The law has survived despite criticism, including in 2012 when cartoonist Aseem Trivedi was arrested for sedition. Several Opposition leaders, including BJP’s LK Advani, Shiv Sena founder Bal Thackeray and anti-corruption activist Arvind Kejriwal, who later formed Aam Aadmi Party and became Delhi chief minister, demanded an amendment to the sedition law. The UPA government referred it to the Law Commission.

Then in March 2014, a group of 60 Kashmiri students was booked for sedition in Uttar Pradesh. The UPA was in power at the Centre, and the Samajwadi Party ruled Uttar Pradesh.

RECENT COURT ORDERS

From time to time, India’s judiciary, particularly the top court, has rejected sedition charges. Here are a few prominent cases from 2021 itself.

  • In February, a Delhi court granted bail to environment activist Disha Ravi, saying the government cannot jail citizens simply because they disagree with state policies. “The offence of sedition cannot be invoked to minister to the wounded vanity of governments.”
  • In March, the top court dismissed a petition that sought sedition charges against former Jammu and Kashmir chief minister Farooq Abdullah and fined the petitioners. “Views different from the government’s cannot be termed seditious.”
  • In May, the Supreme Court stopped the Andhra Pradesh Police from acting against two TV news channels. “It is time we define the limits of sedition.”
  • In June, the top court quashed the sedition case against Vinod Dua. “Every journalist is entitled to protection of the Kedar Nath judgment”.
  • In July, the top court asked the Centre why it was not repealing the provision.

Following this, several eminent personalities such as Kapil Sibal, Dia Mirza, S Irfan Habib and Pritish Nandy demanded abolition or amendment to the sedition law.

DEFENCE BY GOVERNMENTS

Sedition cases have risen, but the conviction rate is negligible. However, no government since Pandit Jawaharlal Nehru’s has seriously tried to abolish the sedition law.
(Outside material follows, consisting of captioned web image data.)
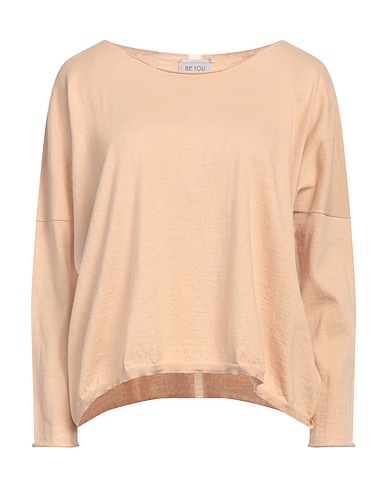 BE YOU by GERALDINE ALASIO Jumper Sand 85% Cotton, 15% Cashmere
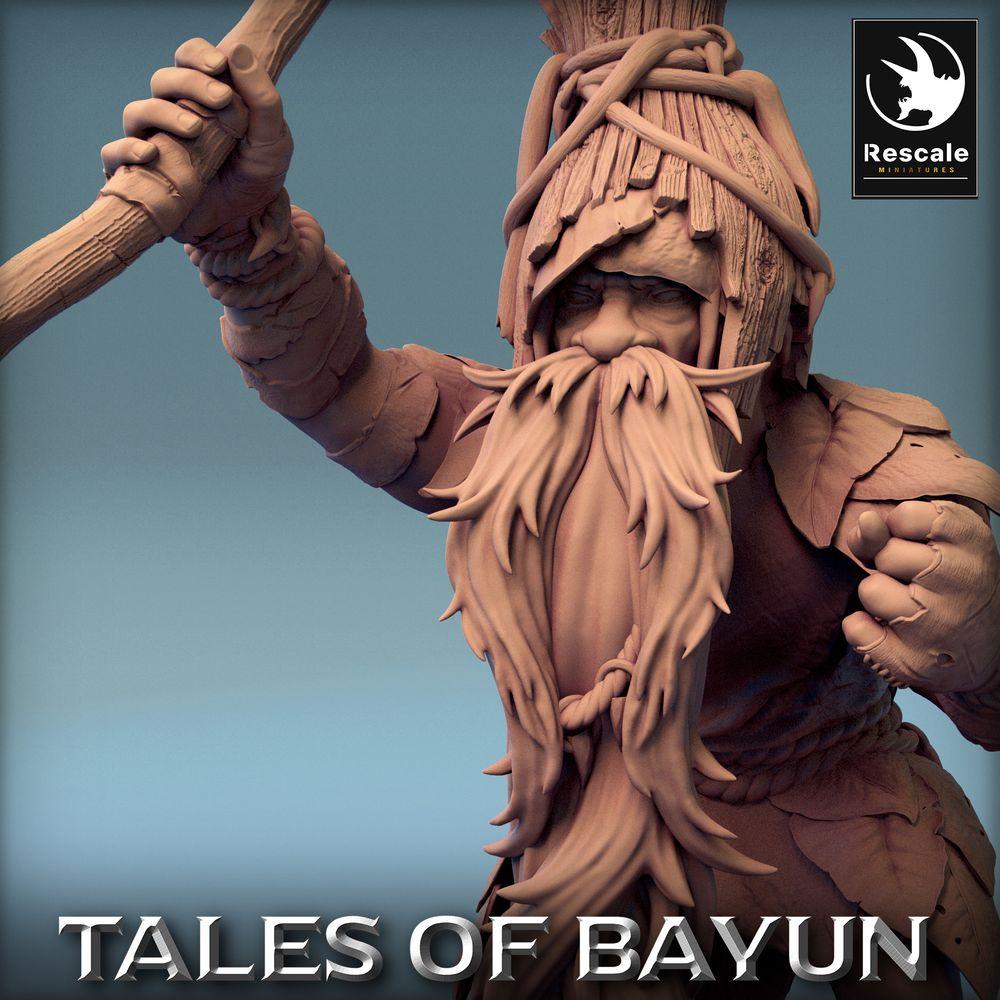 Produktfoto Tabletop 28mm Lord of the Print (LotP) 0: Tabletop Miniatur: Zwergen-Speerträger, Stammeshäuptling, Schamane, Berserker-Anführer (24_01_A1)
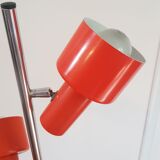 Vintage chrome lamp 2 orange spots 1970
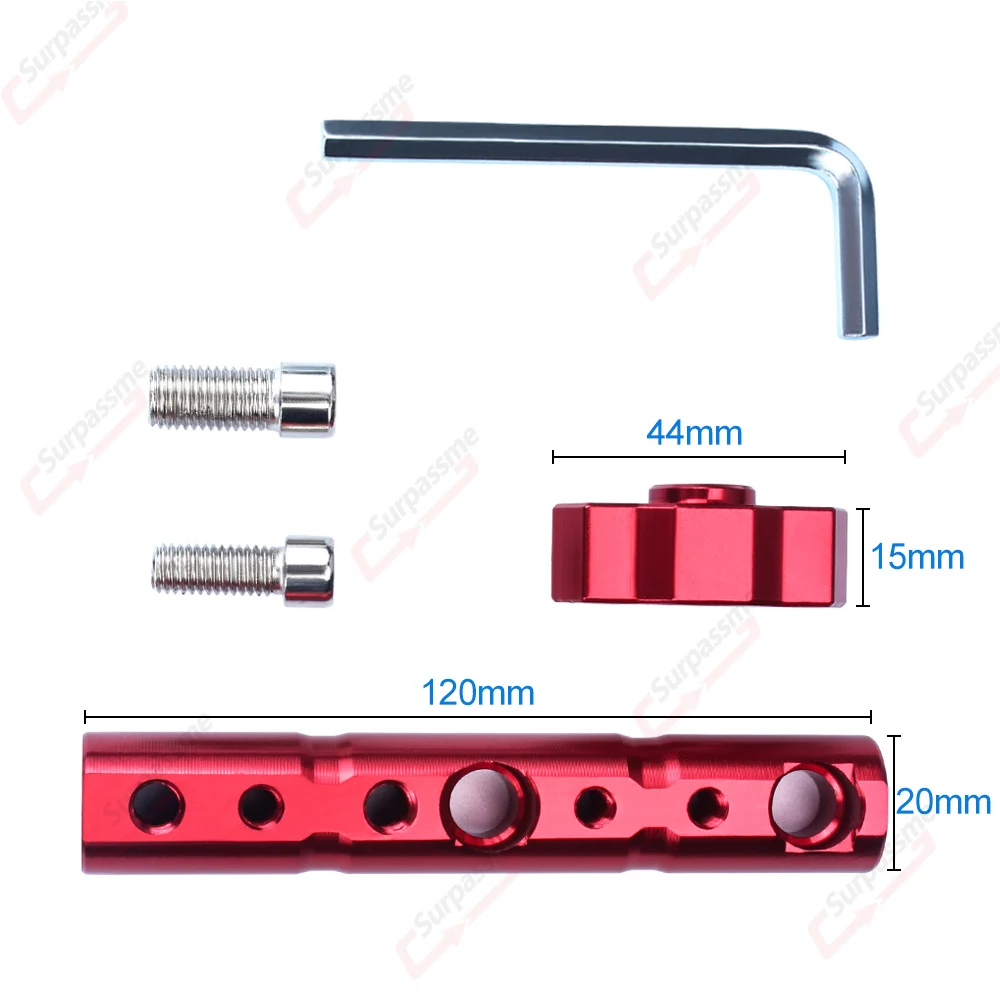 Универсальный кронштейн для зеркала заднего вида мотоцикла 8 мм и 10 - купить по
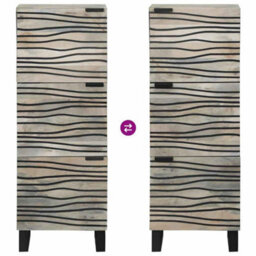 Walplus Media Storage Cabinets & Racks White And Black 40 X 33 X 110 Cm - thumbnail 9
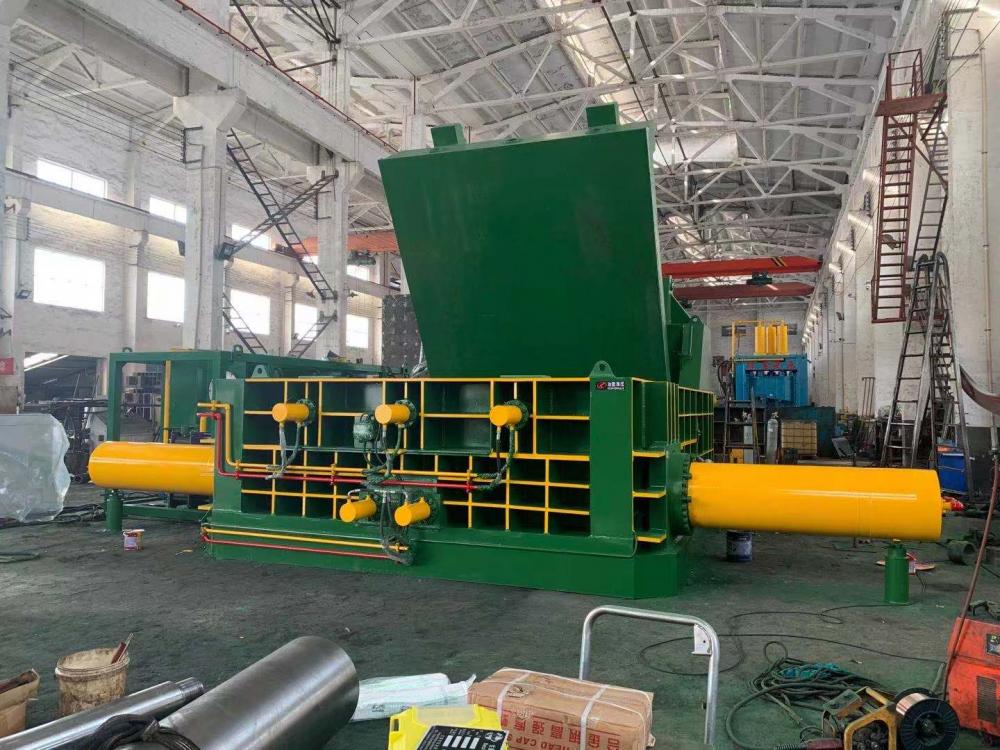 Scrap Processing Metal Sheets Pipes Tubes Baling Machine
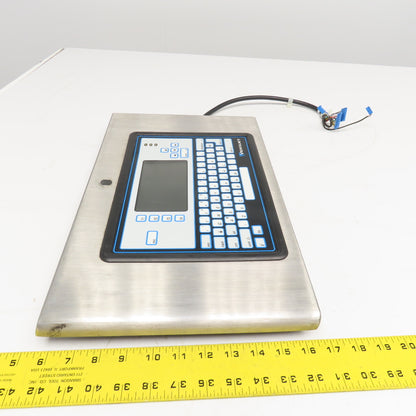Videojet 43S Ink Jet Machine Operator Controls Screen Assembly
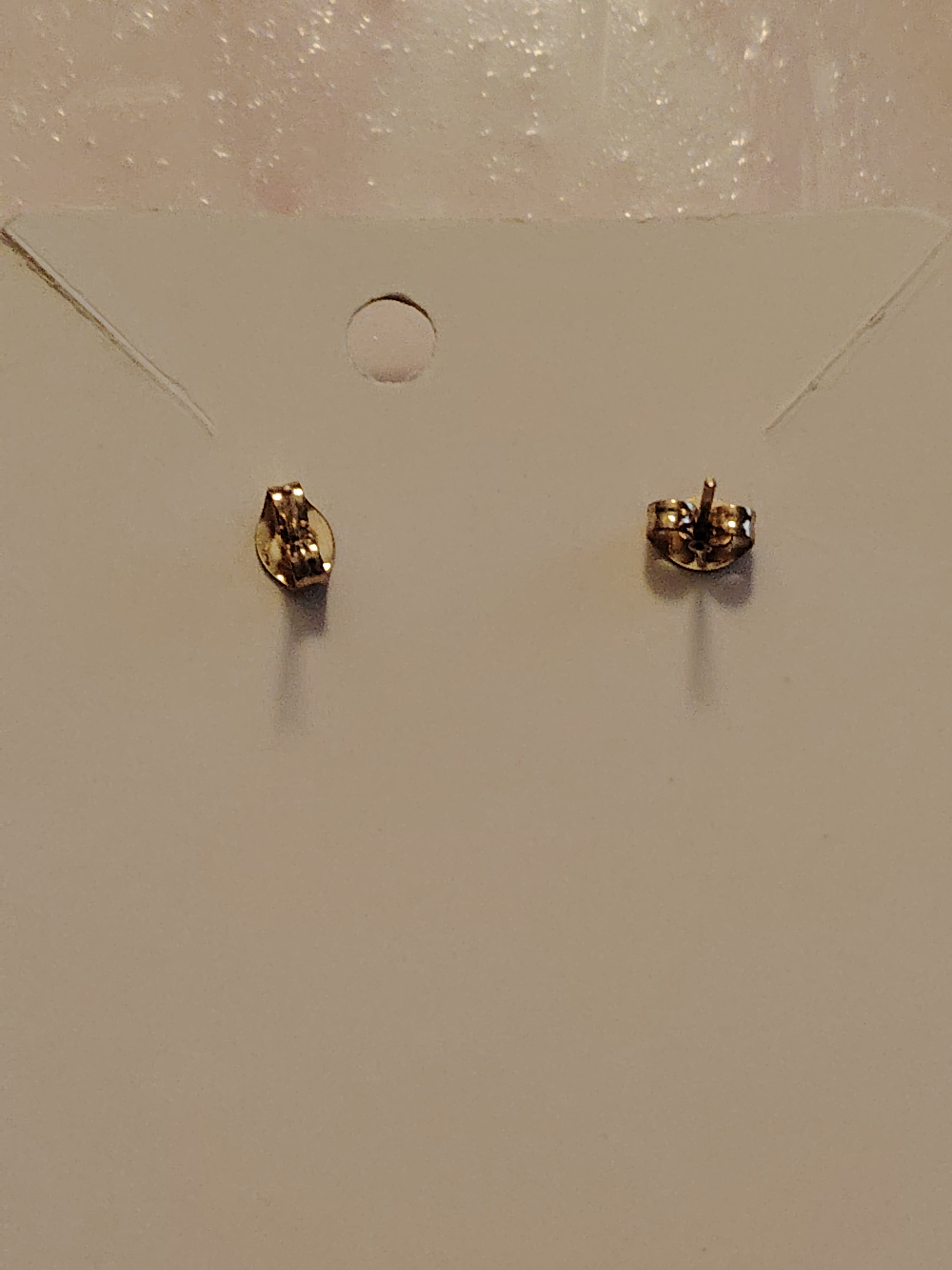 Small rose earrings in dark green with a touch of glitter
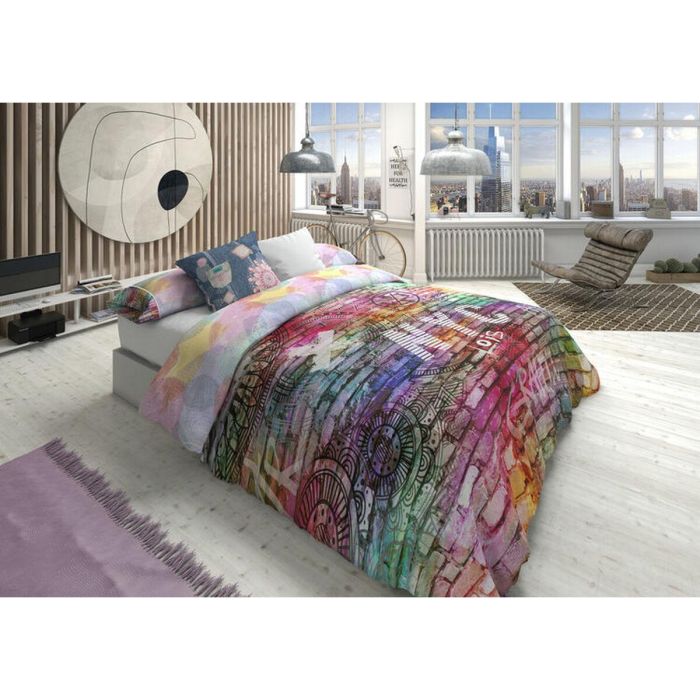 Juego de funda nórdica Lois FAME P. Gris Cama de 105 2 Piezas 1 Juego de funda nórdica Lois FAME P. Gris Cama de 105 2 Piezas 1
This is because the law allows the government to suppress anarchy and chaos.

Some might argue that countries like the UK have done away with the sedition law. So, why cannot India do the same? The answer could be that those countries don’t face the problems of separatism and Naxalism that India does. But there is a thin line between criticising the government and trying to destabilise it.

ALSO READ | Centre defends sedition law in SC, says no need to revisit the Kedarnath judgement

The courts have to interpret the law in terms of Article 19, which guarantees the right to freedom of speech and expression but also provides riders. The riders are that you have to allow the government to function. You can protest, agitate against the government and criticise its policies, but you cannot jeopardise its functioning.

THE CURRENT CASE

The Supreme Court is considering petitions against the sedition law filed separately by former army officer SG Vombatkere, the Editors Guild of India, TMC MP Mahua Moitra, NGO PUCL, and some journalists. The court has said its main concern is the "misuse of law" leading to a rise in cases.

Attorney general KK Venugopal has told the court that the misuse of the provision has to be stopped by laying down guidelines. On the other hand, senior advocate Kapil Sibal, appearing as the lead counsel for petitioners, said the court can ignore the 1962 judgment in the light of subsequent developments in the fundamental rights jurisprudence.

WHAT’S NEXT?

So, what comes next? During the course of the hearing, the court can refer the matter to a larger bench, go for amendments or even scrap the law. It can also wait for the outcome of the government’s review of the law.

The Centre earlier said that it remains a good law from the perspective of all constitutional principles, including the test of Articles 14 (right to equality), 19 (freedom of speech), 21 (right to life and liberty). It also said that while the abuse of a provision would not justify its scraping, the solution would be to prevent the misuse on a case-to-case basis. Now, the government has agreed to review the law.

The Law Commission under the present government in 2018 said in its consultation paper. “Every irresponsible exercise of the right to free speech and expression cannot be termed seditious.” It seems the government is finally paying heed.